I tried to duplicate your results using fine silver and copper, and....my copper stayed copper colored. Because steel wool can be nasty — little pokey things in fingers and turning one's pickle into a plating solution — I mostly use 3m pads. They are available in a very fine texture like 0000 steel wool from Sculpture Depot. Other sources may carry them, but I've never looked. :) I use Sparex no.2 as a pickle (sodium bisulfate) which works really well. I would check your pickle pot too and make sure there are no cracks in it, and replace your pickle.

Before you go through the trouble of replacing your pickle, check to make sure that you are using a solid copper item. Another possibility to this conundrum is that you are using something that is copper plated over a silvery base metal. When you use the steel wool, you are removing the thin copper coating revealing the base metal underneath. You can also burn a plating off.

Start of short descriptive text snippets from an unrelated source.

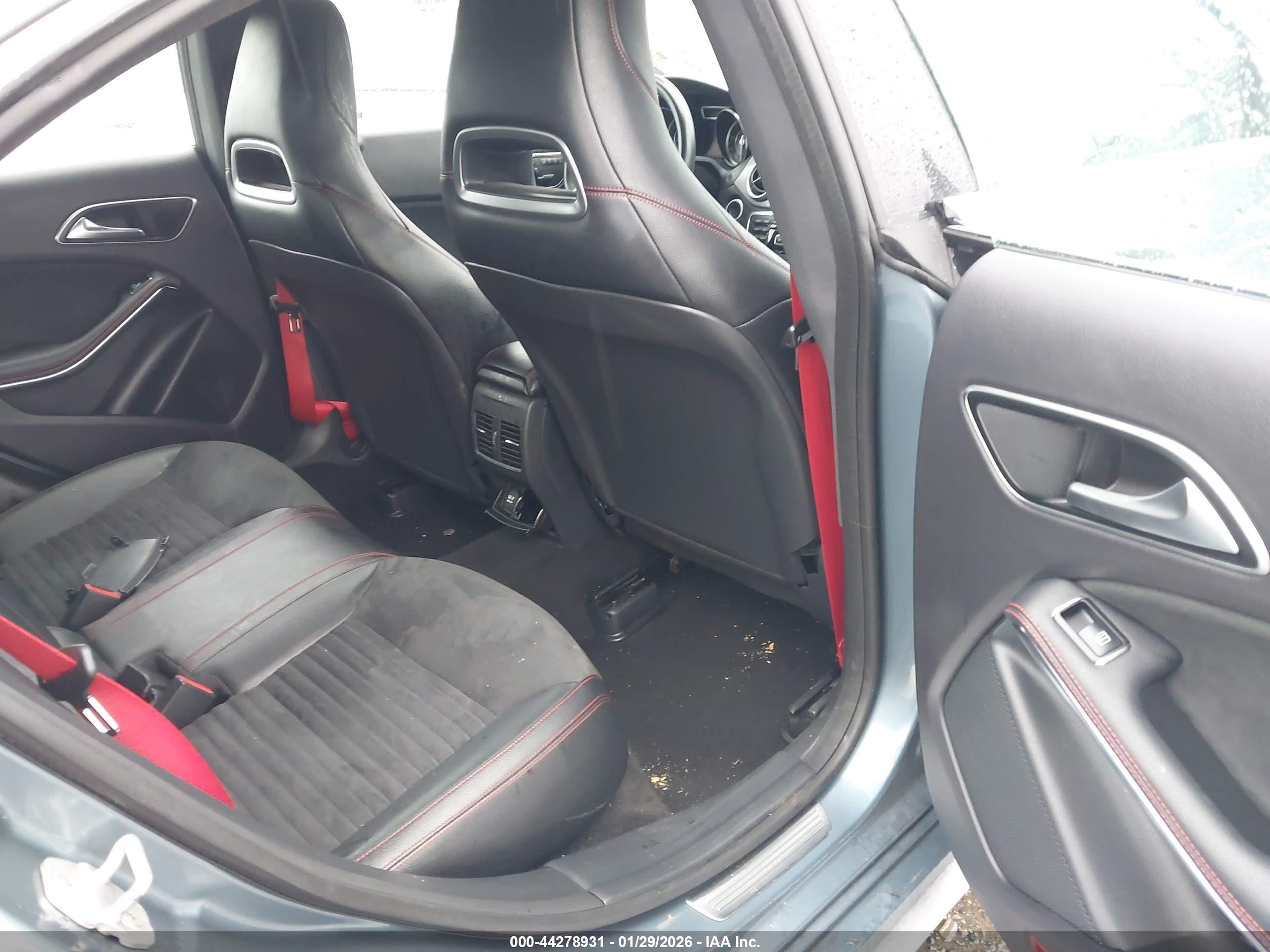 MERCEDES-BENZ CLA image 8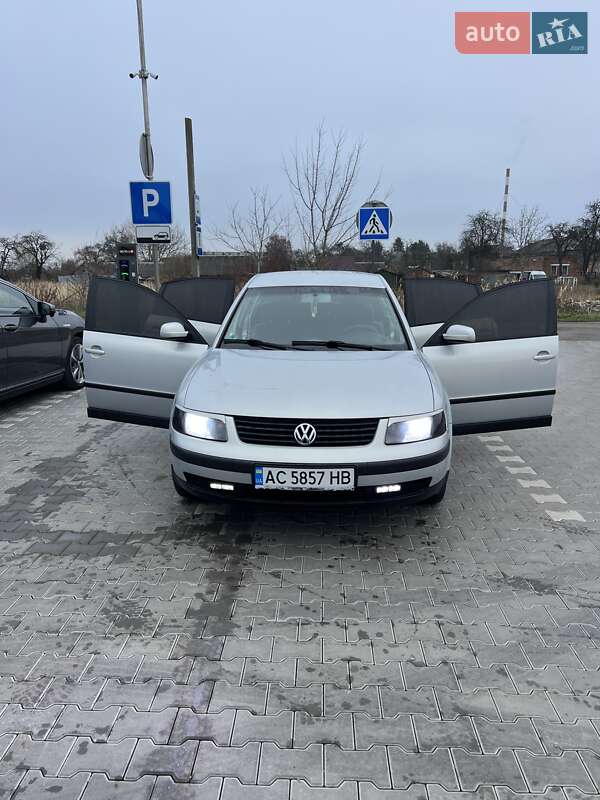 Седан Volkswagen Passat 2000 в Владимире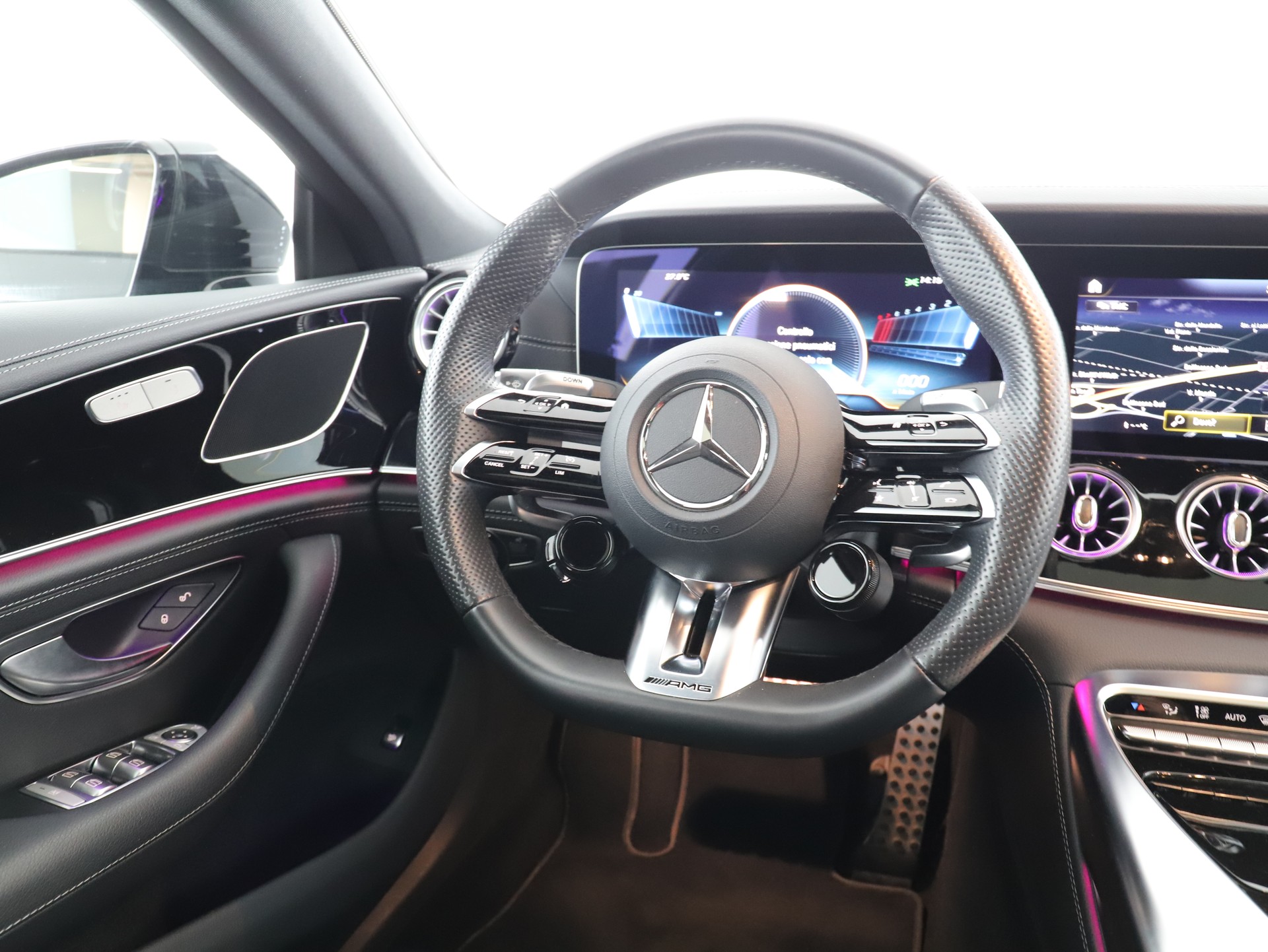 MERCEDES-BENZ AMG GT 4 43 4Matic+ - 14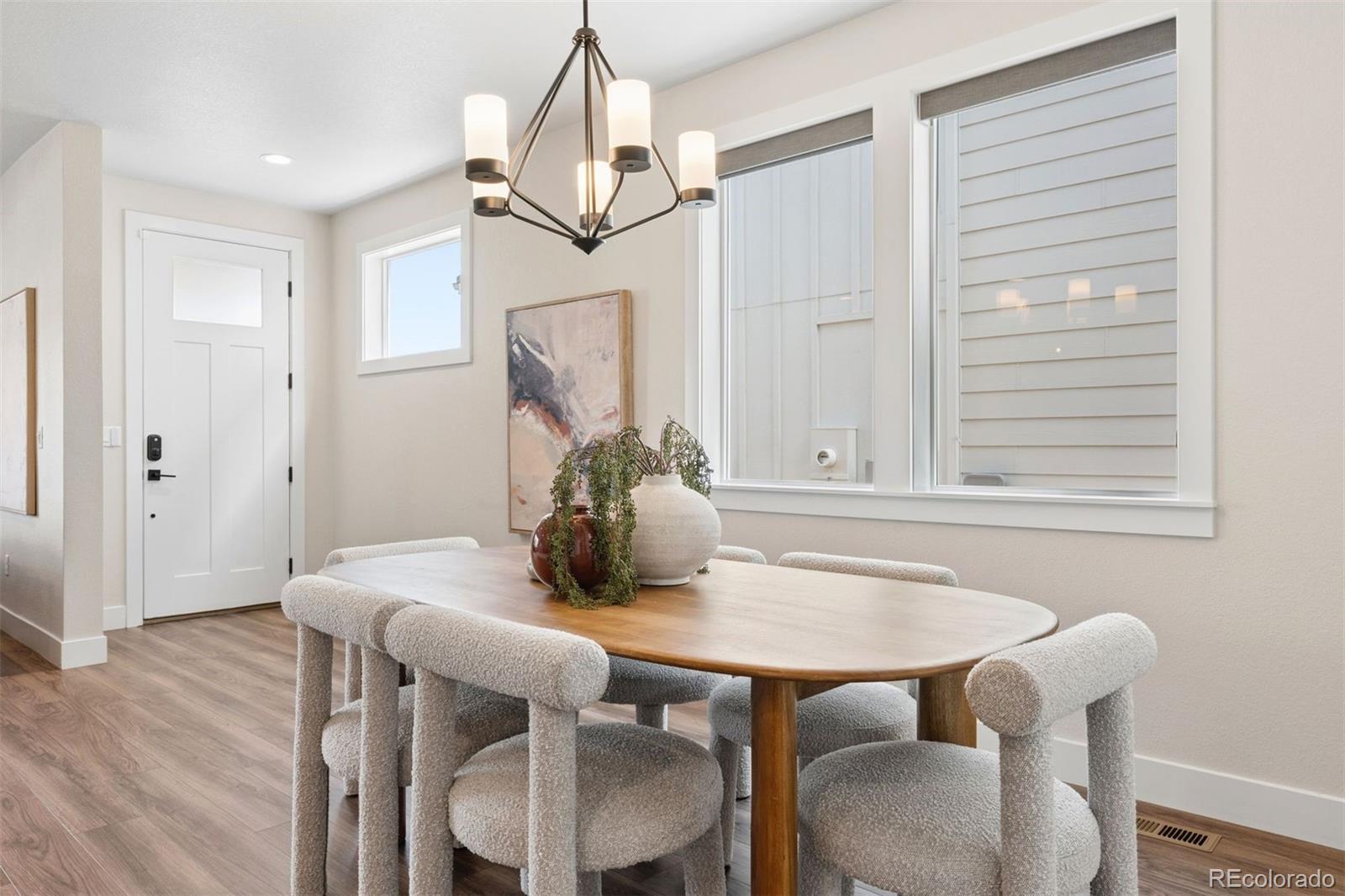 MLS Image #11 for 21642 e 60th avenue,aurora, Colorado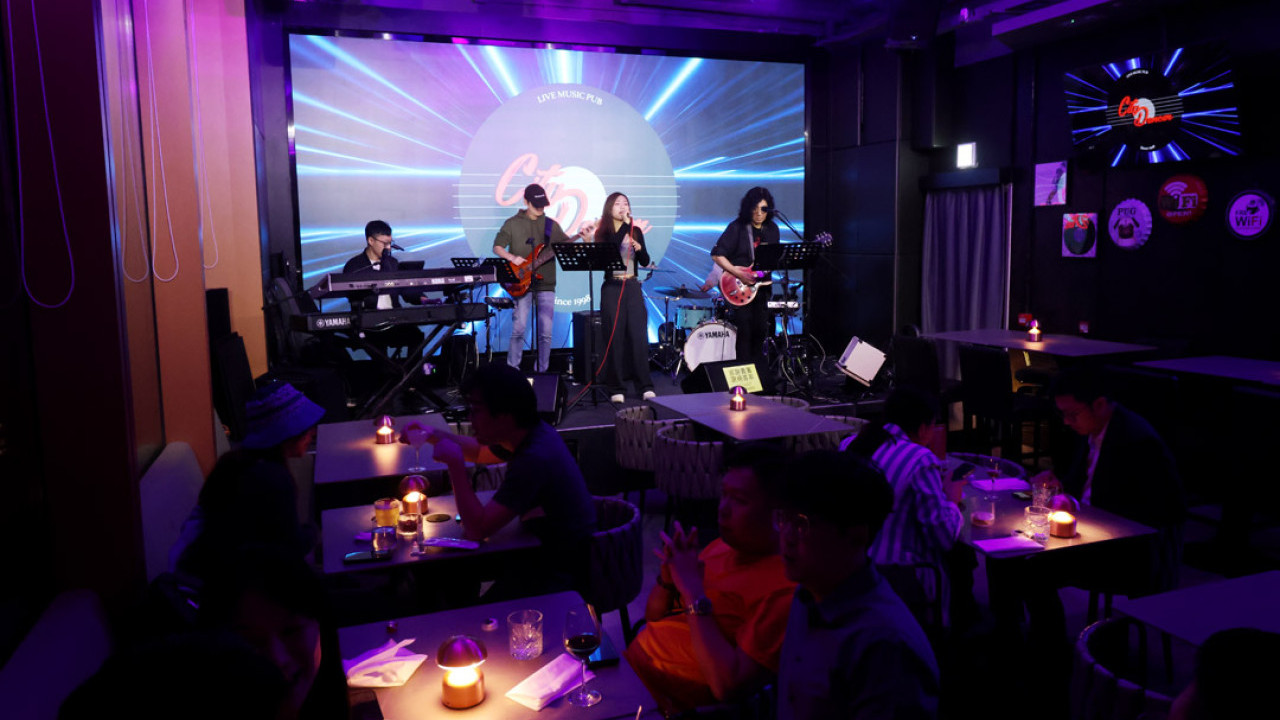 經典 Live Music House 回歸 2,000 呎空中花園 / 前 Grand Hyatt 酒店廚師主理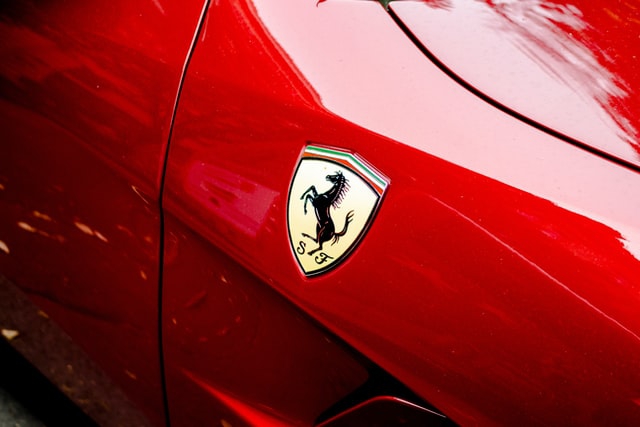 Prezes Ferrari odrzuca wątpliwości dotyczące wydajności pojazdów elektrycznych - ZielonaGospodarka.pl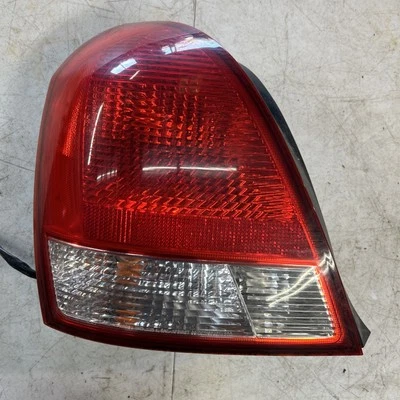 Задний фонарь драйвер для седана HYUNDAI Elantra 2001 2002 2003 левый с лампочками - Изображение 1 из 4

What kind of solder are you using? Silver solder or one of those paste thingies for welding pipe? If you're not using a good quality solder, get yourself some silver solder in easy, medium and hard. Also a good silver paste solder is handy to have. I prefer the wire form of solder as I can leave it round or flatten it as I see fit. I just got some new copper wire solder that is copper colored instead of grey and I like it a lot for copper joints. I'll email you the information. It's sold by the ounce like silver solder.

Comments for Why is my copper silver?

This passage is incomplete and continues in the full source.